DIRECTIONS ::
In the entries that follow, repeat exactly the lines from the one that has "Чехол MyPads Tocco" through the one that has "Amplified Douk U5", but omit pictures.

DATA FOR REVIEW ::
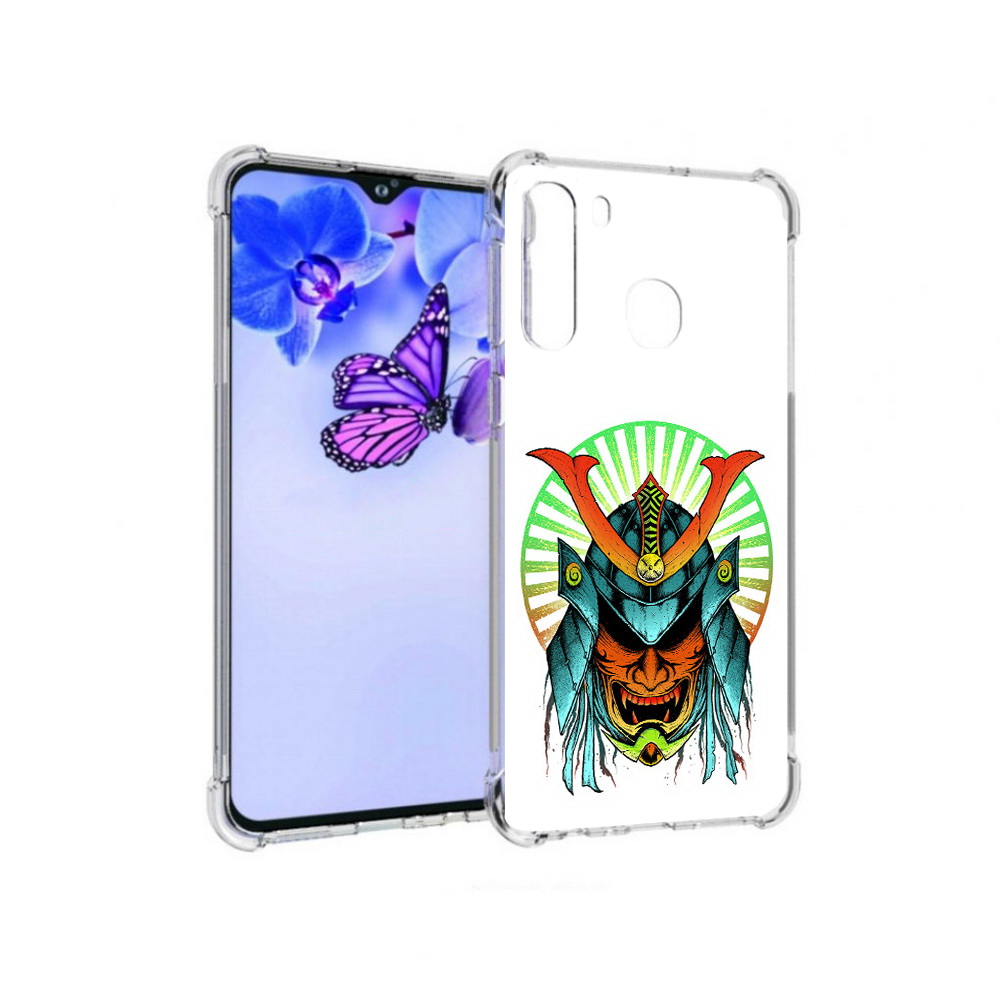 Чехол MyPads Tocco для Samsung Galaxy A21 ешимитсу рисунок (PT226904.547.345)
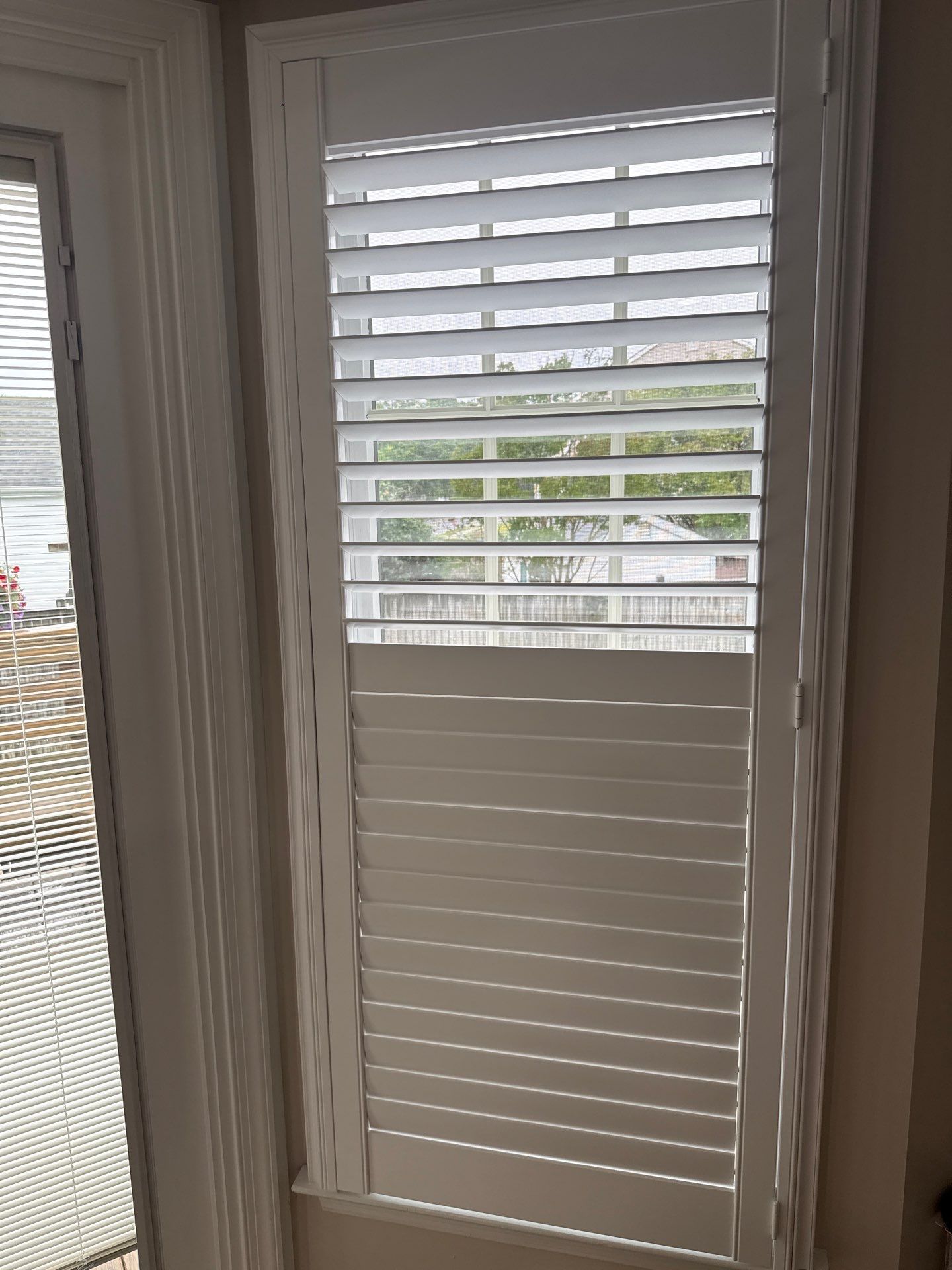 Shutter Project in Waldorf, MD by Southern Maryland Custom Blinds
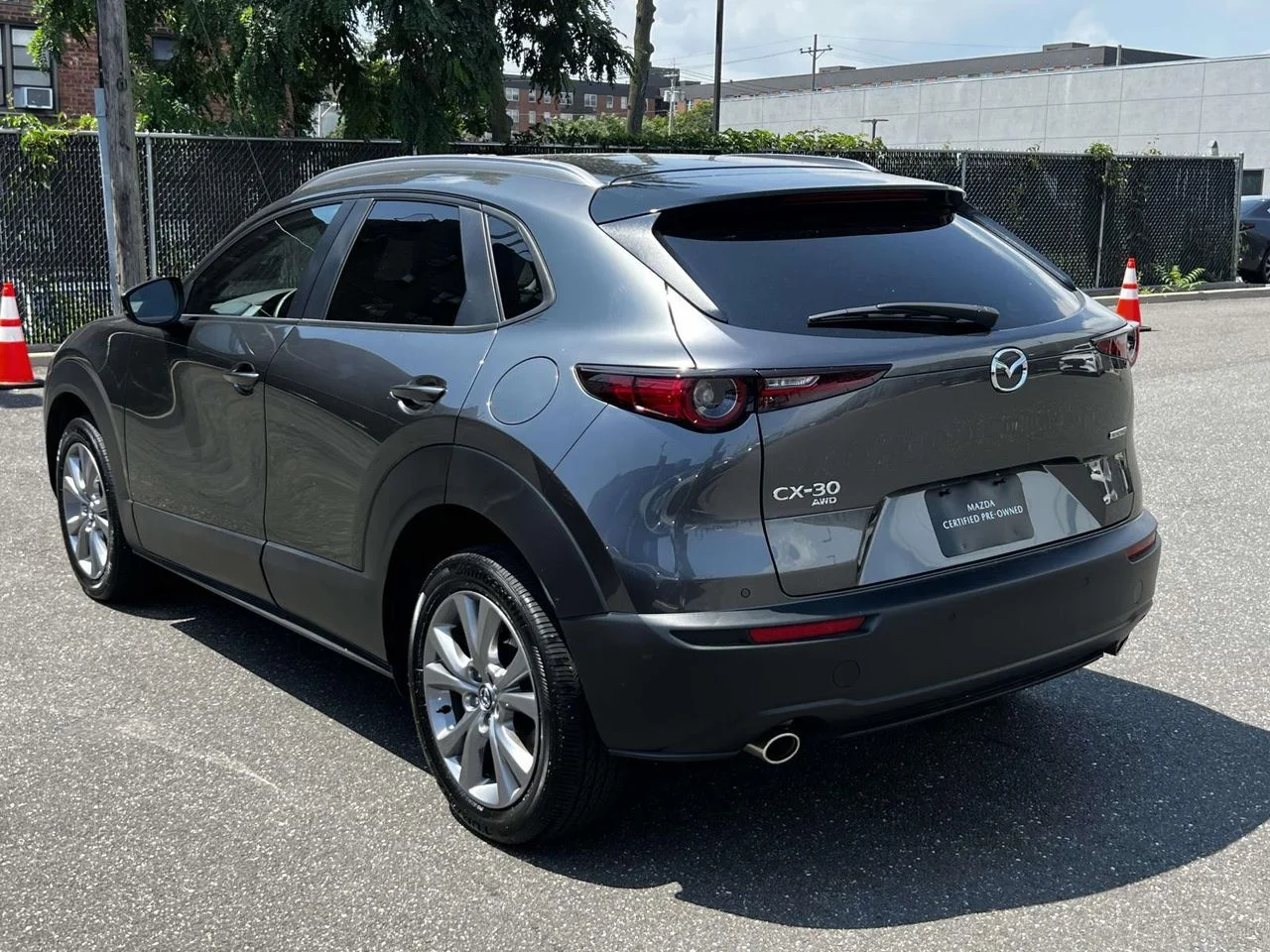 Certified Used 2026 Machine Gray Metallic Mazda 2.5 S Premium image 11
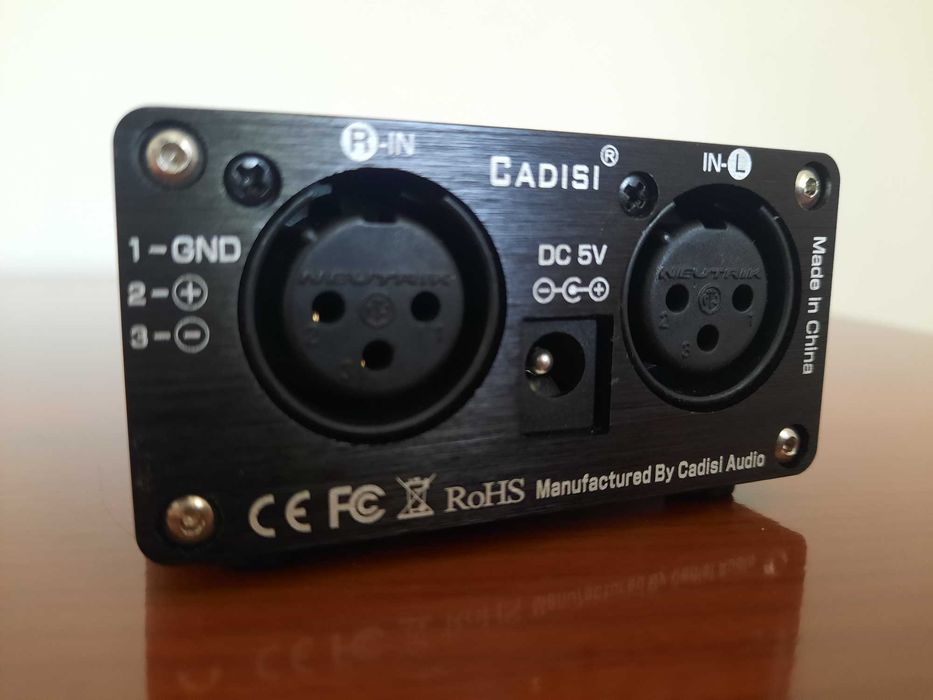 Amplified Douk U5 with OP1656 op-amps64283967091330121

==

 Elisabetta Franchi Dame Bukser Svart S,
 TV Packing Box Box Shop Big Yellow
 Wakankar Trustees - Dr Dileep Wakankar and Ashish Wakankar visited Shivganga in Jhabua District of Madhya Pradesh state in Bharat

==

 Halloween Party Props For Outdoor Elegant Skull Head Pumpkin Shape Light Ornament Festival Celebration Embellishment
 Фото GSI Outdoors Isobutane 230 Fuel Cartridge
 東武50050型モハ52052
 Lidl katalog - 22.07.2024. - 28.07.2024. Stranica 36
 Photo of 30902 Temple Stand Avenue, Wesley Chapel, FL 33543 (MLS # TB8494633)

TASK RESPONSE ::
 Чехол MyPads Tocco для Samsung Galaxy A21 ешимитсу рисунок (PT226904.547.345)
 Shutter Project in Waldorf, MD by Southern Maryland Custom Blinds
 Certified Used 2026 Machine Gray Metallic Mazda 2.5 S Premium image 11
 Amplified Douk U5 with OP1656 op-amps64283967091330121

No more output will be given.